Copying rule for the data below: pictures stay out, and only the lines from the one with "3D model of" down to the one with "3D open groene container — Stockfoto", inclusive, are repeated exactly.

Top of DATASET RECORDS

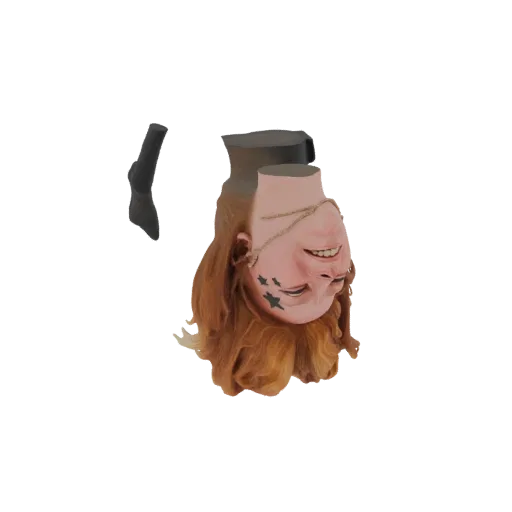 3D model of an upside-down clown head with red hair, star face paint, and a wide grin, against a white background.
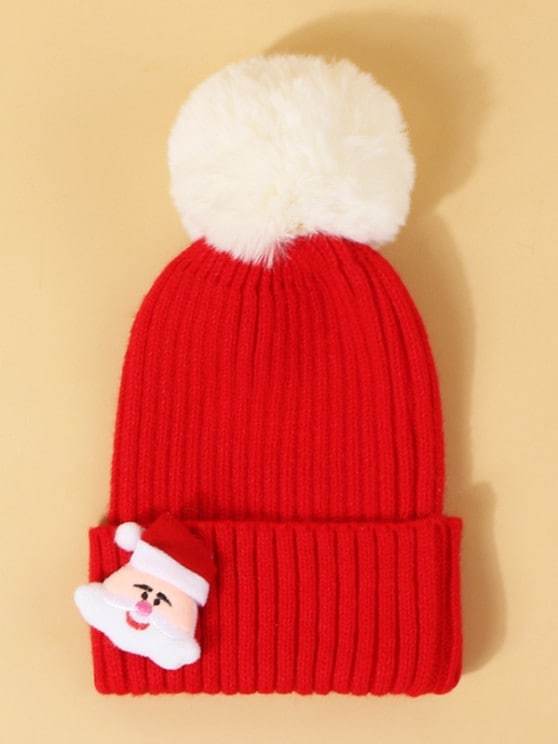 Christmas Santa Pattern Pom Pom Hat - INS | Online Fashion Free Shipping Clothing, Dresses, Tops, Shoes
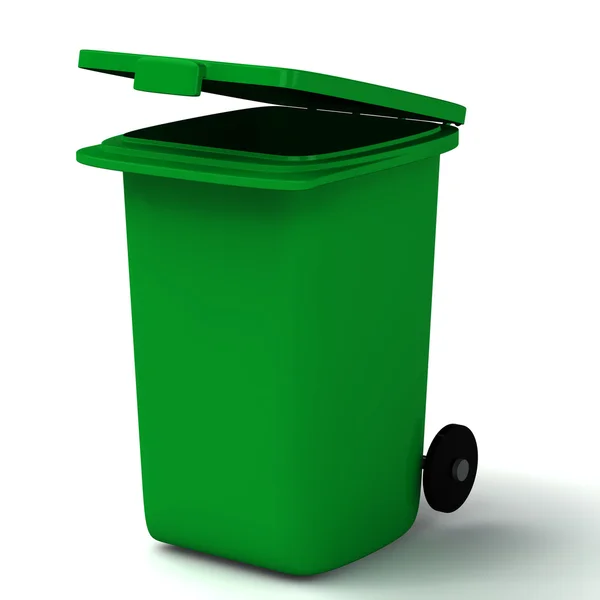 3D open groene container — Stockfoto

Bottom of DATASET RECORDS
Top of DATASET RECORDS

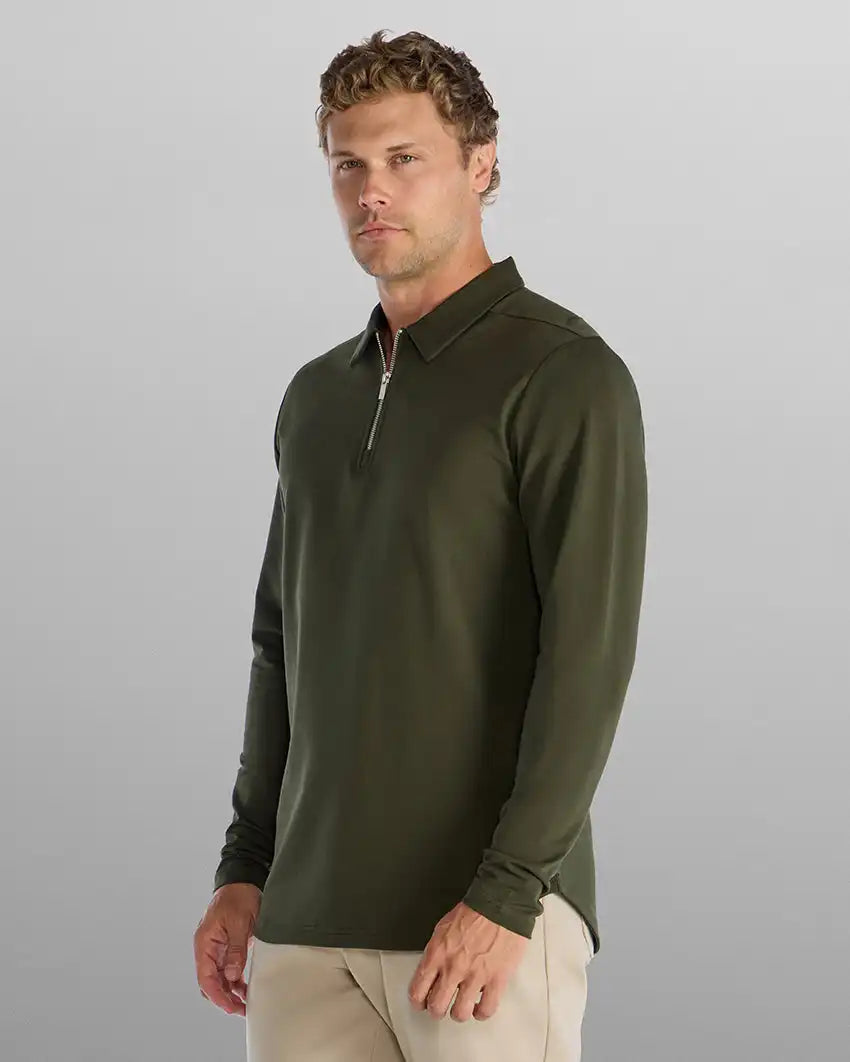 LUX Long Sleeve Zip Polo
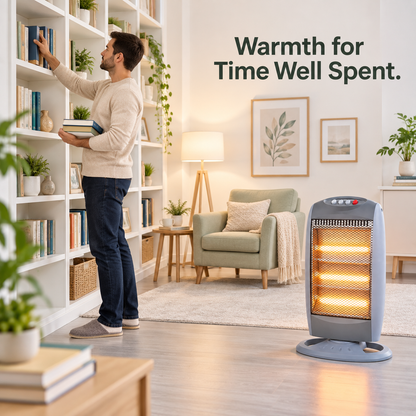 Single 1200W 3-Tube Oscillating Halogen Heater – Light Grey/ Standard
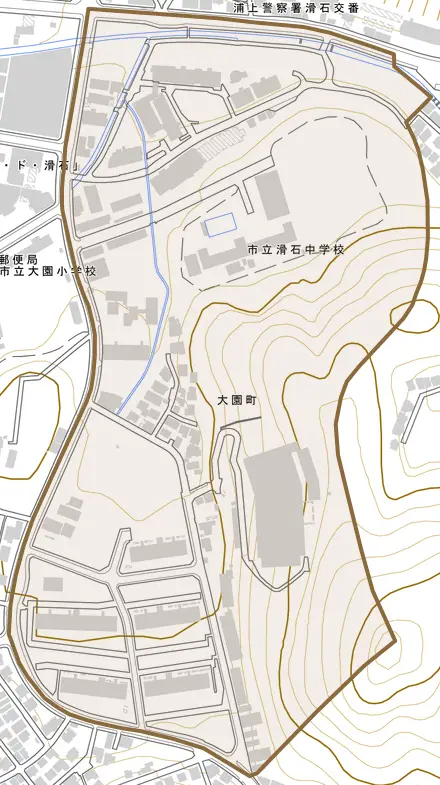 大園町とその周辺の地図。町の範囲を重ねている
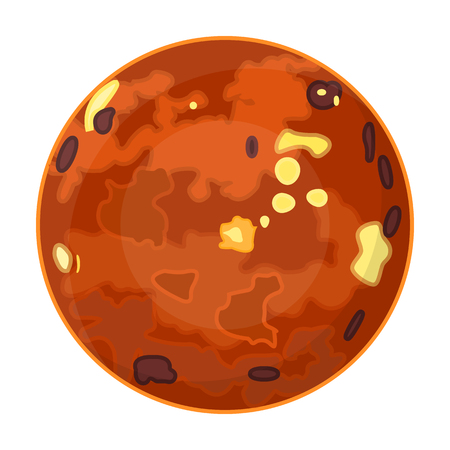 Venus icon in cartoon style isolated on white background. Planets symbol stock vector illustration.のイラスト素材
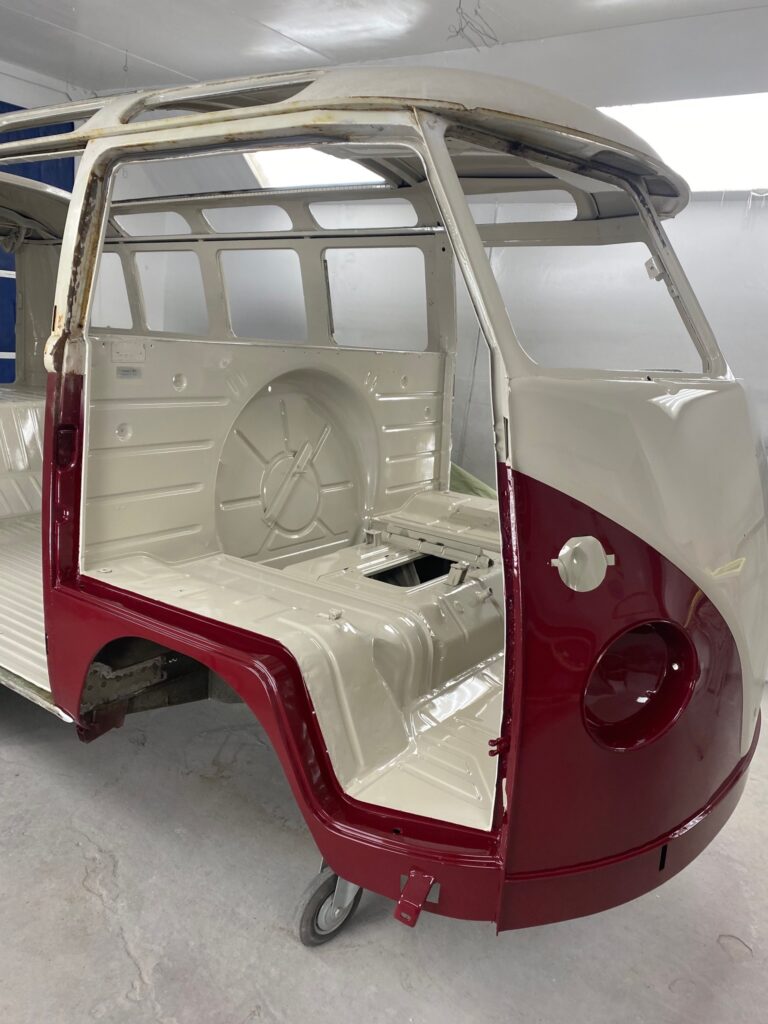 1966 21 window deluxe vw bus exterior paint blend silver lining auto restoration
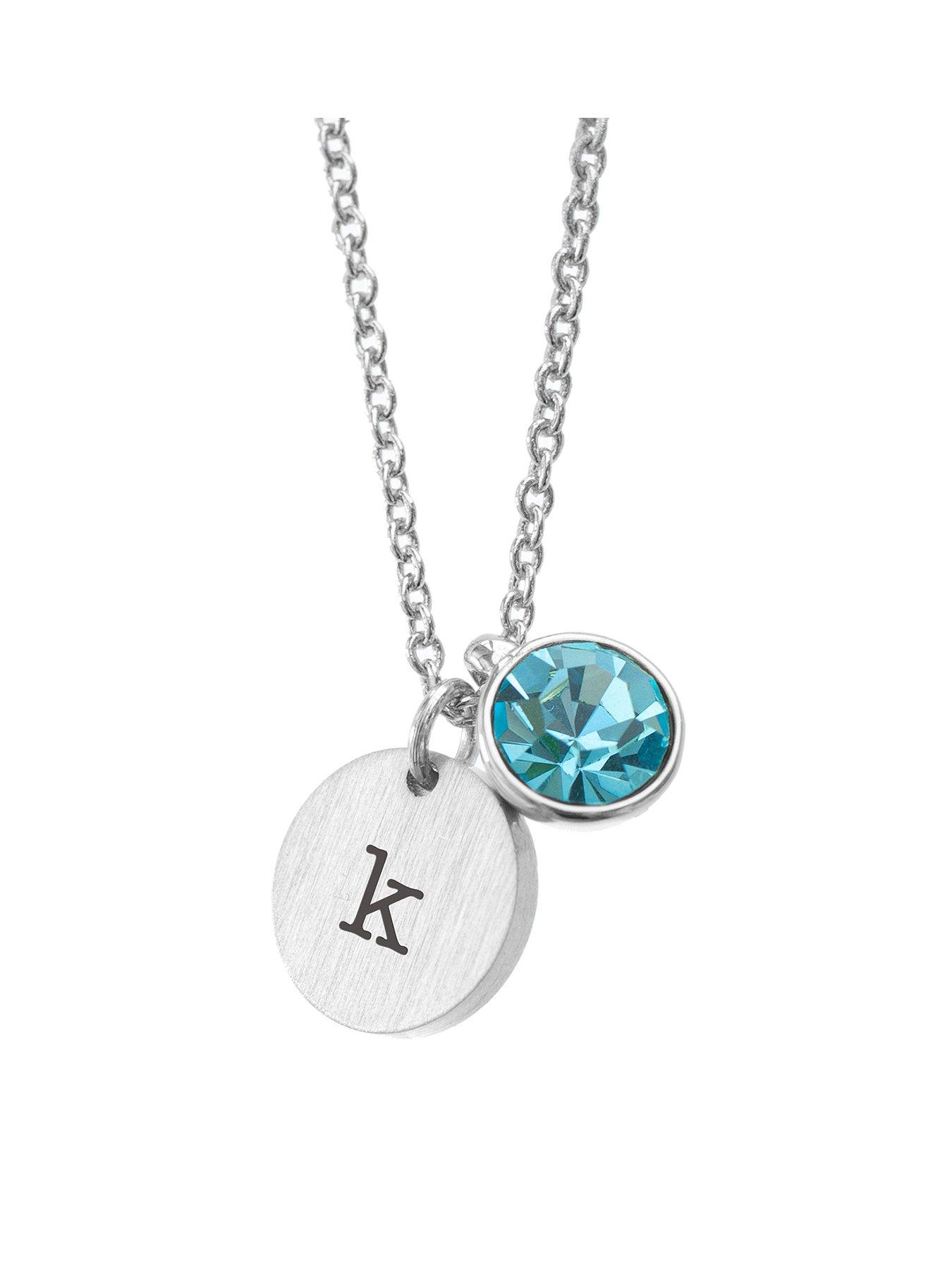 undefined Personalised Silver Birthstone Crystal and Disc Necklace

Bottom of DATASET RECORDS
Top of DATASET RECORDS

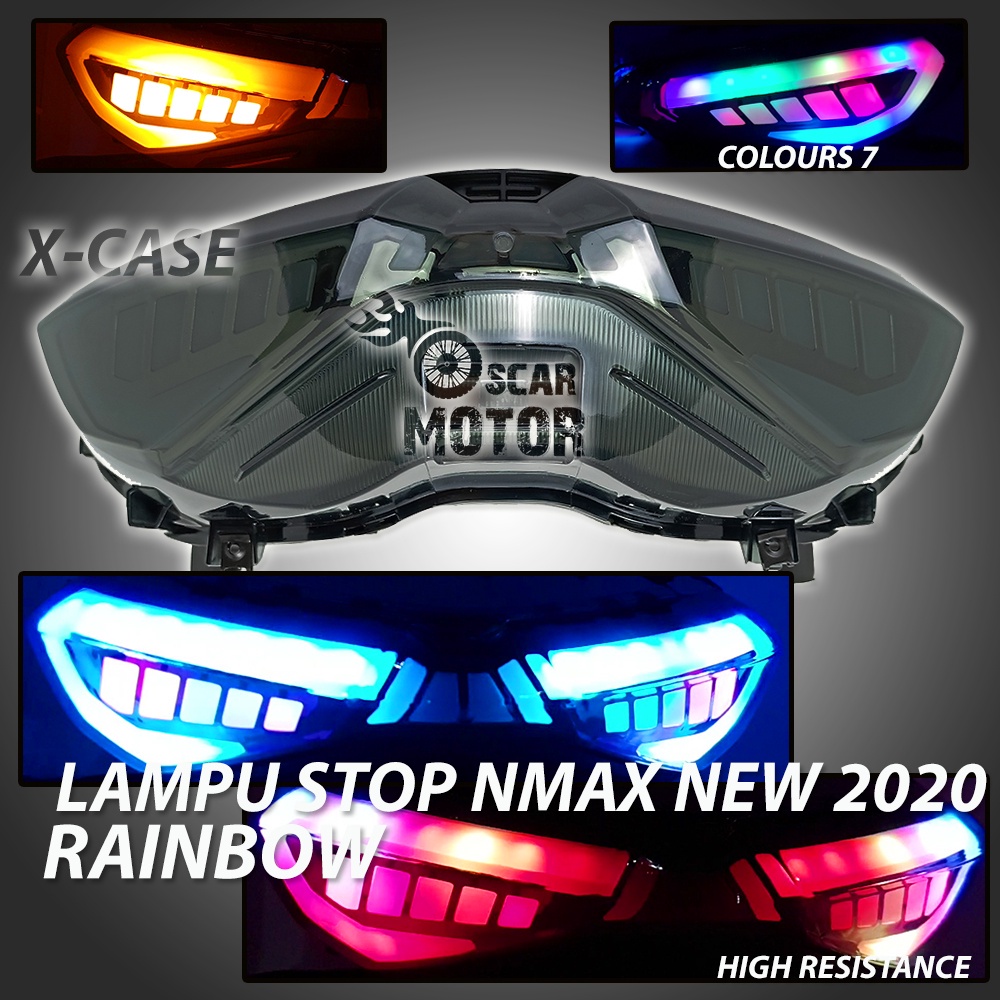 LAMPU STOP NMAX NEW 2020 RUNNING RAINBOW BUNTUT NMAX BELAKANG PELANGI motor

Bottom of DATASET RECORDS

=== WRITTEN ANSWER ===
 3D model of an upside-down clown head with red hair, star face paint, and a wide grin, against a white background.
 Christmas Santa Pattern Pom Pom Hat - INS | Online Fashion Free Shipping Clothing, Dresses, Tops, Shoes
 3D open groene container — Stockfoto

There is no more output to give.